Will the monthlong U.N. review conference on the Nuclear Non-Proliferation Treaty (NPT), which kicks off in New York City on Monday, accomplish anything? Ironically, that depends largely on the world's most prominent non-proliferation scofflaw, Mahmoud Ahmadinejad. The Iranian President will try to divert attention from his country's nuclear program by accusing the major powers of failing to disarm. And he'll charge Israel with developing a formidable nuclear arsenal and dodging the treaty altogether. But his penchant for theatricality could end up hurting him.
For the Obama Administration, the conference is supposed to be the capstone of President Obama's careful, year-long reconstruction of international support for non-proliferation regimes. After years of scorn for international institutions under the Bush Administration, Obama hopes to create momentum for global restrictions on nuclear proliferation. At the same time, the Administration aims to rally support for sanctions against Iran in bilateral talks with U.N. Security Council member states on the sidelines.
Both goals will be hard to achieve. In private, senior Administration officials admit that the presence of the Iranians at a conference that makes decisions by unanimous consent means strengthening the NPT is not going to happen. Ahmadinejad is likely to focus attention on Israel's covert nuclear program and the fact that the U.S. applies only token pressure on Israel to sign on to the NPT. And while Washington argues that Iran is at odds with all the moderate states of the Middle East, Ahmadinejad's complaints about Israel's program could find support from some traditionally pro-Western countries. Egypt and Turkey, both of whom the U.S. would like to have on its side in tackling Iran, are outspoken critics of Israel's self-styled "nuclear ambiguity" the fact that it neither confirms nor denies the existence of a weapons program.
The best hope for the Administration may come from Ahmadinejad himself: the Iranian leader has often proven to be his own worst enemy. Last fall in New York City at the U.N. General Assembly, he handed the U.S. a big win by fumbling the response to the revelation of a hidden nuclear facility in Iran. Over the summer, during the political crisis that followed his contested re-election, he likewise brought the international community together against him by blaming a global conspiracy for the demonstrations in Iran's streets.

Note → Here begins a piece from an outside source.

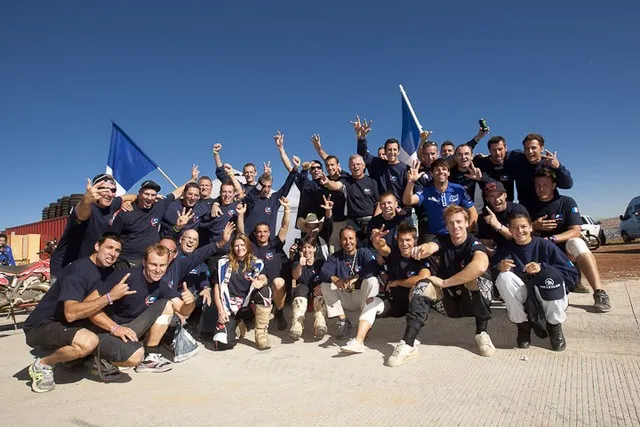 Photo des équipe de France  que l'on ne verra pas en 2011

An Ahmadinejad outburst could make a difference. The U.S. is avidly courting support from China and Russia for tougher U.N. sanctions against Iran. Over the past four weeks, participants in the talks tell TIME, the U.S. has made progress with both countries, and only two or three tough issues remain on which they are seeking agreement. Crazy behavior by Ahmadinejad might even soften the positions of Turkey and Brazil, two non-permanent members of the Security Council that insist on dialogue rather than new sanctions. Still, it may take more than the full wacko from Ahmadinejad this week to make a difference in the Iran nuclear standoff.